Los buenos cristianos tratan de seguir el ejemplo que nos da Jesús en los
Evangelios. ¿Por qué se nos insiste tanto en la Biblia como por medio de la
predicación de la Iglesia en que sigamos el ejemplo de nuestro Señor, si su
conducta nos parece tan elevada que no la imitamos porque somos muy inferiores
a nuestro Salvador, y vivimos en un mundo en que cada día somos más perezosos
y temerosos a la hora de realizar esfuerzos cuyo resultado se materializa a largo
plazo? ¿No tendríamos los católicos más éxito si predicáramos una religión facilona
y cómoda como la que anuncian quienes pretenden hacernos creer que la fe sin
obras nos puede salvar?
¿Os es fácil a los padres criar y educar a vuestros hijos?
¿Os es fácil a los trabajadores afrontar vuestros problemas laborales, en el caso
de que los tengáis?
¿Podéis los estudiantes superar vuestros exámenes con calificaciones altas sin
estudiar?
De la misma forma que debemos esforzarnos por superarnos en todos los campos
en que nos desarrollamos a nivel personal, si queremos ser buenos cristianos, lo
mejor que podemos hacer, es amoldarnos al cumplimiento de la voluntad de Dios,
siguiendo el ejemplo de Jesús, de quien San Pablo nos dice en la segunda lectura
correspondiente a esta celebración eucarística:
"Llenadme de alegría teniendo el mismo pensar, alimentando el mismo amor,
compartiendo los mismos sentimientos, buscando la común armonía... Portaos, en
fin, como lo hizo Jesucristo" (FLP. 2, 2. 5).

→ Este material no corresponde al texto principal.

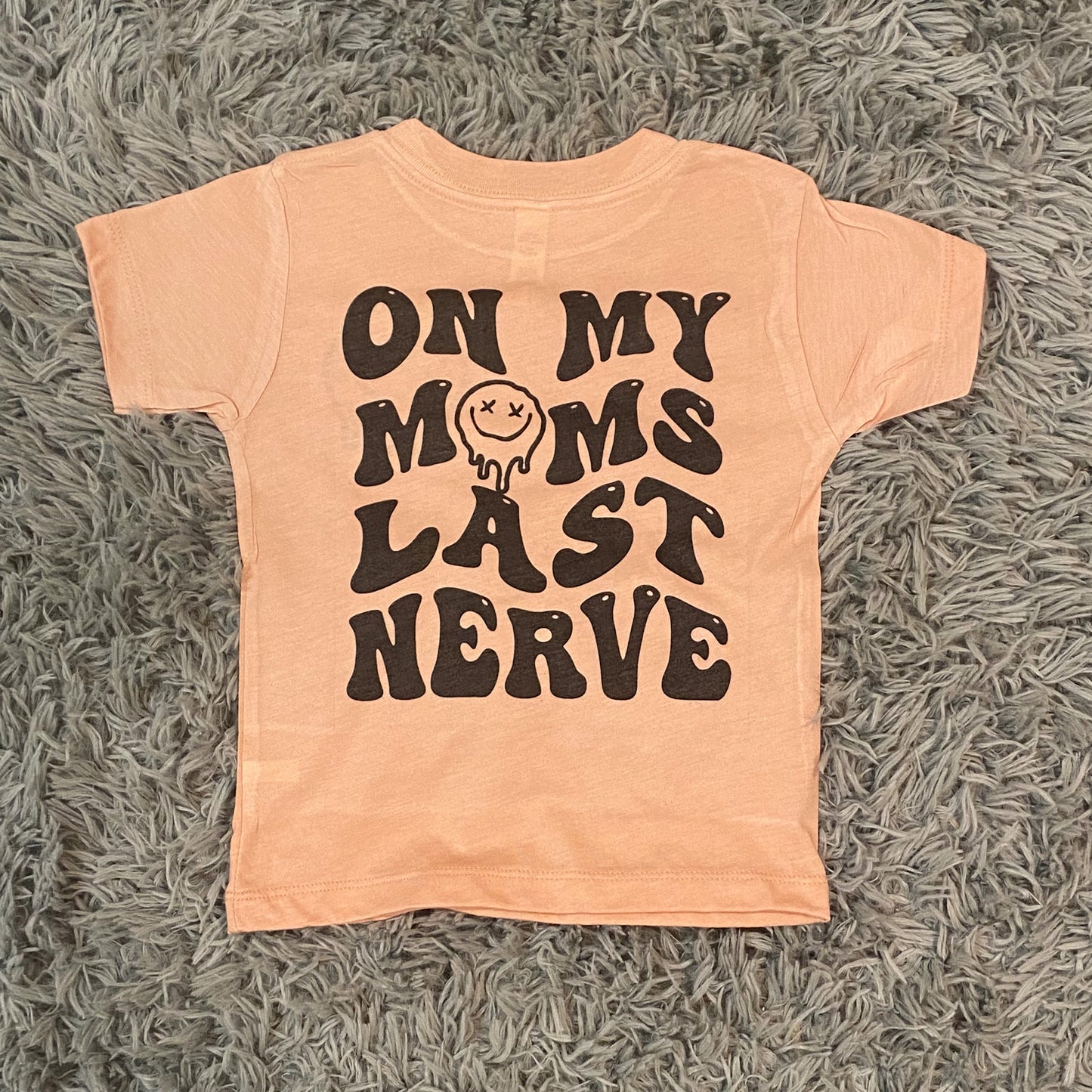 Mom's Last Nerve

San Pablo nos explica cómo renunció a todo lo que era un estorbo para su
crecimiento espiritual, para poder amoldarse al cumplimiento de la voluntad de
Dios.
"Pero lo que constituía para mí un timbre de gloria, lo juzgué deleznable por amor
a Cristo. Más aún, sigo pensando que nada vale la pena en comparación con ese
bien supremo que consiste en conocer a Cristo Jesús, mi Señor. Por él renuncié a
todo, y todo lo estimo basura con tal de ganar a Cristo" (FLP. 3, 7-8).

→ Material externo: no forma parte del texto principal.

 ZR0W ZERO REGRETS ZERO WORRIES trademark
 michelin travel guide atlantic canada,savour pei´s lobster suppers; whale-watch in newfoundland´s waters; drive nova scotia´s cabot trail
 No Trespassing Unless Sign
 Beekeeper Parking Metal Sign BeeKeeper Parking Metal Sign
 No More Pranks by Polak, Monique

¿Hasta qué punto se amoldó San Pablo al cumplimiento de la voluntad de Cristo?
¿Quiso ser San Pablo un pobre cristiano, con una fe débil, de los que sólo se
acuerdan de Dios, cuando necesitan ser favorecidos?

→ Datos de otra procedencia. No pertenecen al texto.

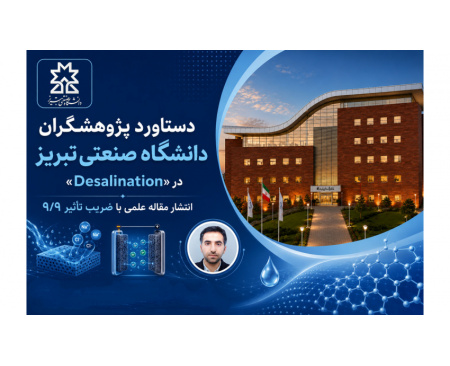 دستاورد پژوهشگران دانشگاه صنعتی تبریز در «Desalination»؛ انتشار مقاله علمی با ضریب تأثیر ۹/۹
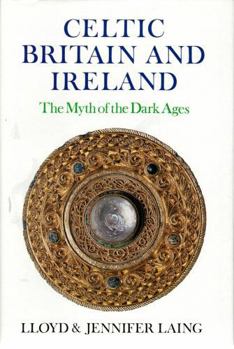 Hardcover Celtic Britain and Ireland, Ad 200-800: The Myth of the Dark Ages Book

El Santo Apóstol, responde la pregunta que nos hemos planteado, en los
siguientes términos:
"Quiero conocer a Cristo, experimentar el poder de su resurrección, compartir sus
padecimientos y morir su misma muerte. Espero así alcanzar en la resurrección el
triunfo sobre la muerte" (FLP. 3, 10-11).
San Pablo quería conocer a Cristo. ¿No conocía San Pablo a nuestro Salvador
cuando le consagró su vida? ¿Cómo debemos interpretar las palabras del citado
predicador: "Quiero conocer a Cristo?". San Pablo no quería tener un conocimiento
superficial de Cristo, pues quería conocer a nuestro Redentor profundamente.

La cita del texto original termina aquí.